性能差异通常 < 10%。如果需要幂等性(重复运行不产生重复数据),优先用 upsert。


大规模数据导入

场景:百万级初始导入

python 复制代码
import numpy as np
from pathlib import Path

def generate_and_write(
    client: MilvusClient,
    collection_name: str,
    total: int,
    dim: int,
    batch_size: int = 2000,
):
    """大规模数据生成并写入"""
    written = 0
    for i in range(0, total, batch_size):
        size = min(batch_size, total - i)

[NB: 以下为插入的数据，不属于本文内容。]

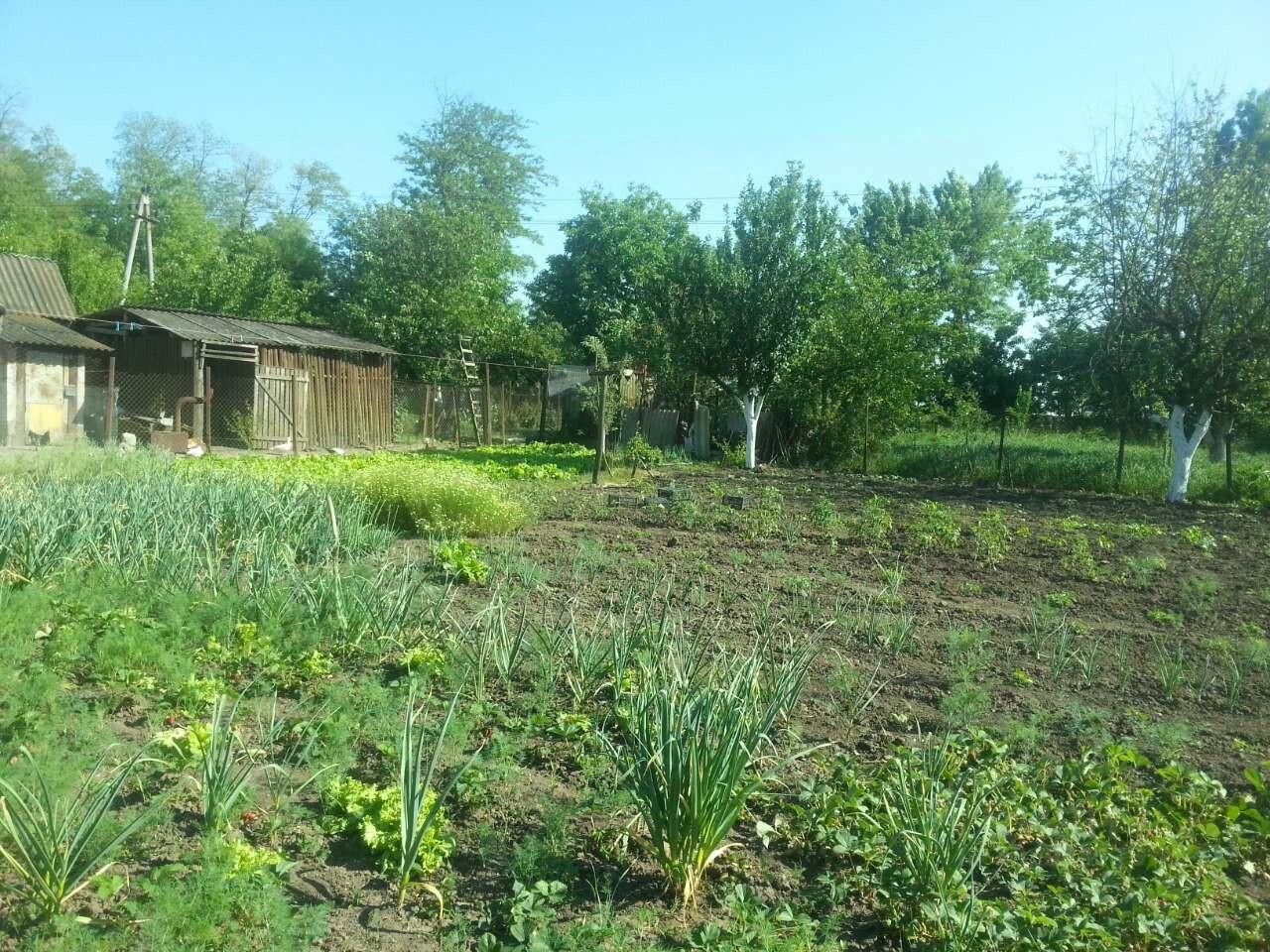 Село юровка анапский. Юровка ул Садовая 248 администрация. С Юровка ул рабочая Краснодарский край. Юровка Южная 28. Юровка новая Москва.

        # 生成向量(实际场景中从文件或模型获取)
        vectors = np.random.randn(size, dim).astype("float32")
        norms = np.linalg.norm(vectors, axis=1, keepdims=True)
        vectors = vectors / norms

        data = [
            {"id": f"doc-{i+j:08d}", "embedding": vectors[j].tolist()}
            for j in range(size)
        ]

        client.upsert(collection_name=collection_name, data=data)
        written += size

        if written % 50000 == 0:
            print(f"已写入: {written:,} / {total:,}")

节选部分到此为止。